To better understand the significance of change in relation to the title of this article, Performance Chiropractics™, please see The HPS Mobile Enterprise™: Aligning Resources for Optimal Business Results.

I would like to share a personal experience which was the catalyst for our use of the term Performance Chiropractics™. In case you're wondering, this is a true story which describes yet another unique characteristic of exemplary leadership.

I boarded the redeye and was looking forward to some quiet time and a little shuteye during my three-hour flight home to Austin. The passenger seated next to me that evening was energized, fully awake, and eager to share his life history. Perhaps some of you can relate to having met some rather interesting fellow passengers over the years.
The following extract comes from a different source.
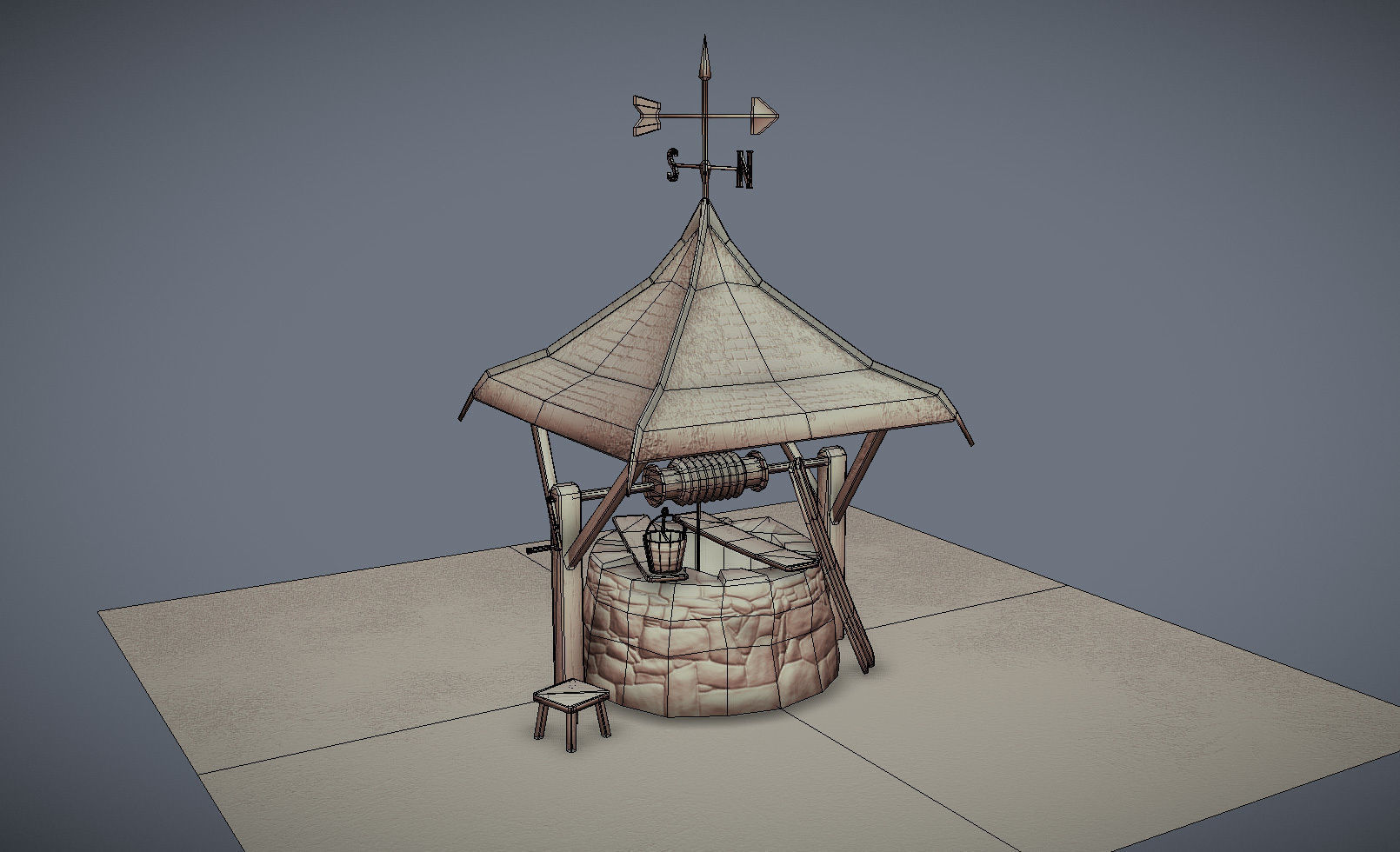 Stone Well Low-poly 3D model_3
Despite several polite gestures regarding my preference for quiet time, he continued our one-way dialogue until the plane landed several hours later and we were waiting for the familiar captain's command "Flight attendants prepare for arrival." He asked, "Oh…now what is it that you do exactly?" I smiled and replied, "Well, if we were still at 30,000 feet I could tell you more, but basically I'm a performance chiropractor." He looked at me and said, "Hmmm, you mentioned something earlier about working with leaders and helping them to inspire the best from their people." I nodded, and he then said, "So, you help them make adjustments to eliminate pain and get things back into proper alignment." I replied, "Yes, something like that…." The next day I thought more about my response. I realized that every leader is at least to some extent a performance chiropractor.
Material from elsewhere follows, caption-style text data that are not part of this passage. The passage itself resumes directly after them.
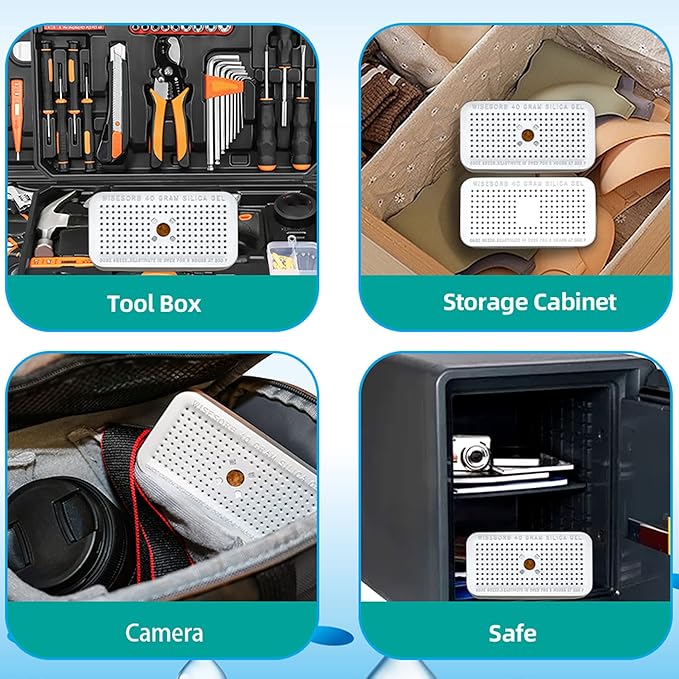 moisture absorbers for storage,40g desiccant caniters and silica gel dehumidifier bags (40 Gram, 2 PACK)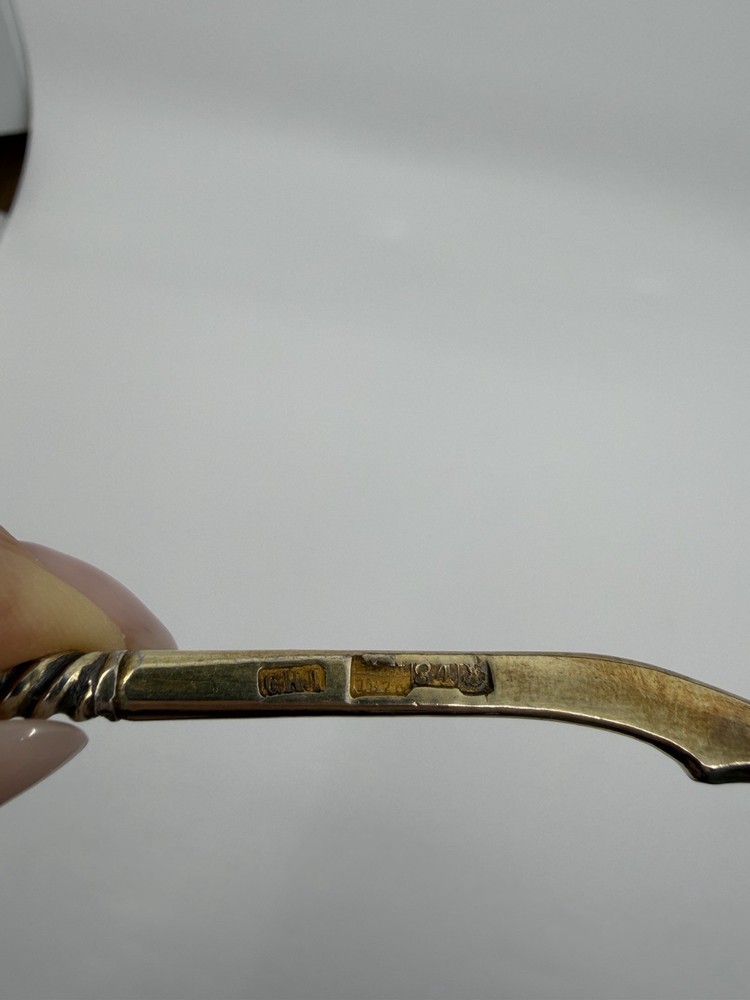 Russian Silver Engraved Spoon 84 Silver With Twisted Handle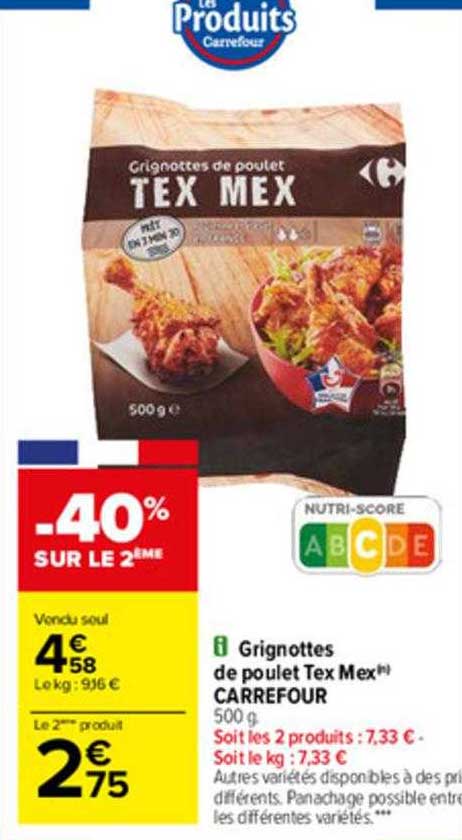 grignottes de poulet tex mex carrefour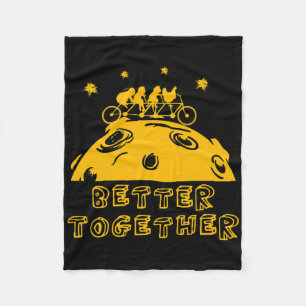 Better Together Cat Chicken Tandem Bicycle Bike Pl Fleece Blanket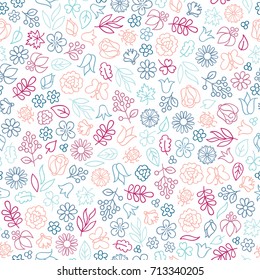 Flower icon seamless pattern. Floral leaves, flowers. Summer ornamental background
Imagine business leaders as performance chiropractors and organizations as analogous to the human body. Exemplary leaders consistently and successfully navigate change and, as a result, fine-tune the organizational "body" to keep it healthy, vibrant, and performing at its best. Exemplary leaders, functioning as performance chiropractors, understand the significance of change and know when and how to make "proper adjustments." Fine tuning can often improve individual, team, and organizational performance and bottom-line business results.

To better understand and more fully appreciate the role of chiropractics in relation to leadership effectiveness, consider the following characteristics of exemplary leaders:

  • Exemplary leaders are agile and respond to change as a normal course of business.
  • Exemplary leaders remain steady at the helm and set a course for the organization which optimizes resource utilization and business performance.
  • Exemplary leaders do not fear the winds of adversity for they know that a kite rises against the wind rather than with it.
  • Exemplary leaders harness the wind and use it to improve performance at the individual, team, and organizational level.
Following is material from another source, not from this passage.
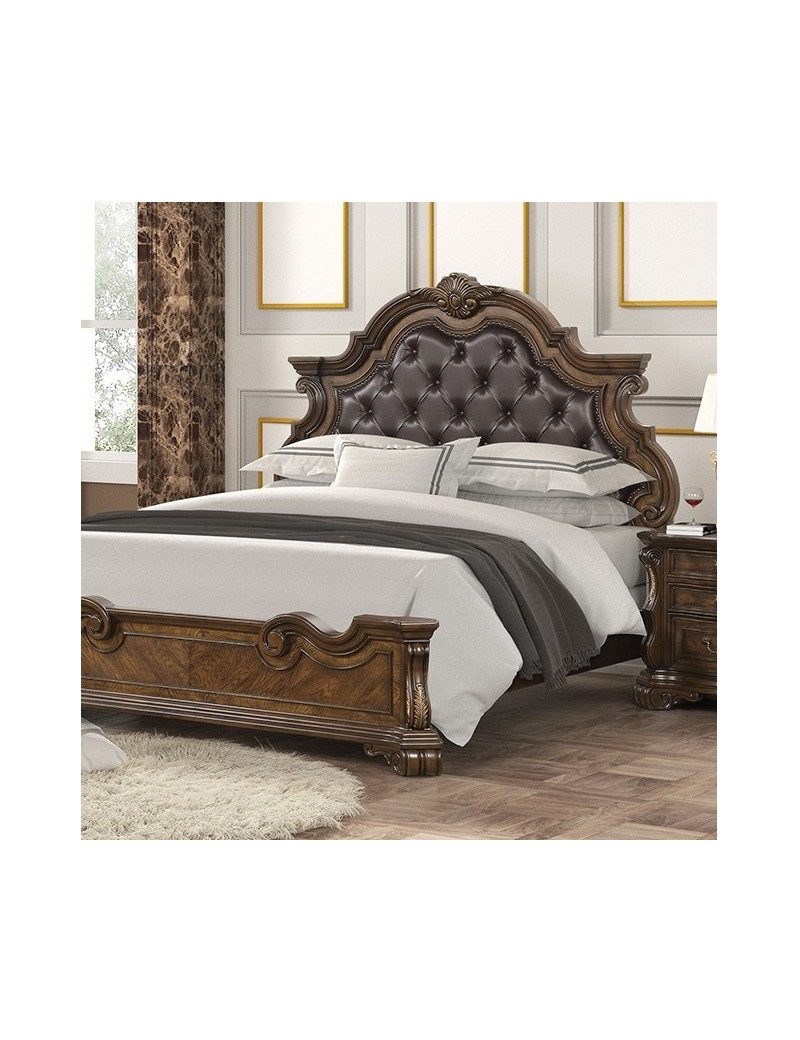 FM70003DB-W 5PC Queen Bedroom Set Traditional Style Dark Brown Leovanni Collection by Furniture of America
Exemplary leaders also carefully consider the impact of their actions prior to making any adjustments. Specifically, performance chiropractors:

  • Understand that individual parts of the organizational "body" comprise an interdependent system.
  • Understand that any adjustment to the organizational "body," no matter how slight, will impact the organization either immediately or at some point in the future.
  • Understand that no organization exists in a vacuum and that change is constant (e.g. market conditions, economic circumstances, competition, customer demand, etc.).

One way to remember the impact of change is the simple phrase, cause and effect. Exemplary leaders take deliberate actions with specific cause and desired effect in mind. As Stephen Covey said, "Begin with the end in mind."

Remember that there are three components which must be present for successful change to occur and be sustained over time. These components are opportunity, motivation, and capacity. If any of these components is missing at the individual, team, or organizational level, you may be wise to consider delaying any action until you are sure of your desired effect.

The next time you contemplate making any adjustments in your organization, I hope you will remember cause and effect and that you, too, are a performance chiropractor. The best chiropractors maintain "proper alignment" and strive to keep the organizational "body" healthy, vibrant, and performing at its best.